# Faulkner Awning Parts



## cooldad (Sep 14, 2010)

Can anyone help me find a faulkner ultra rafter? This is the bar that adds the tension to the awning before sliding it in the upright position.  This fits a 32' Winnebago Motorhome and is located at the front end of the motorhome.
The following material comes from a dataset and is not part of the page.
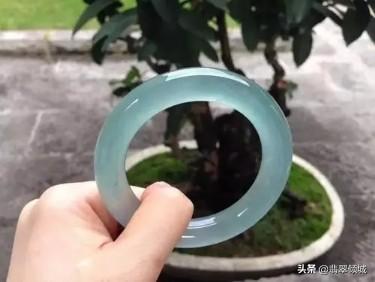 翡翠手镯一半蓝水一半白底翡翠手镯什么颜色好-第5张图片-翡翠网 翡翠手镯一半蓝水一半白底翡翠手镯什么颜色好-第5张图片-翡翠网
It was installed in 1993.


----------



## farmerdad4 (Sep 27, 2010)

RE: Faulkner Awning Parts

I do have most of the Faulkner parts that were left and can help with replacement retro as this changed a few times over the years


----------



## Grandview Trailer Sa (Sep 28, 2010)

Re: Faulkner Awning Parts

I don't know farmerdad4...as far as I know all the Faulkner parts are gone.  My suppliers do not have anything left.


----------



## farmerdad4 (Oct 3, 2010)

Re: Faulkner Awning Parts

I have several skids of Faulkner Awning Hardware , Older Ribbed Arms and newer Smooth Arms no rollers but a few springs,Mounting Brackets, lift hands,


----------



## tpwelch (May 15, 2011)

RE: Faulkner Awning Parts

I am in need of one bracket for a 1991 faulkner ultra  awning. it is the one that attaches to the bottom rail and trailer. wondering if you have one for sale?


----------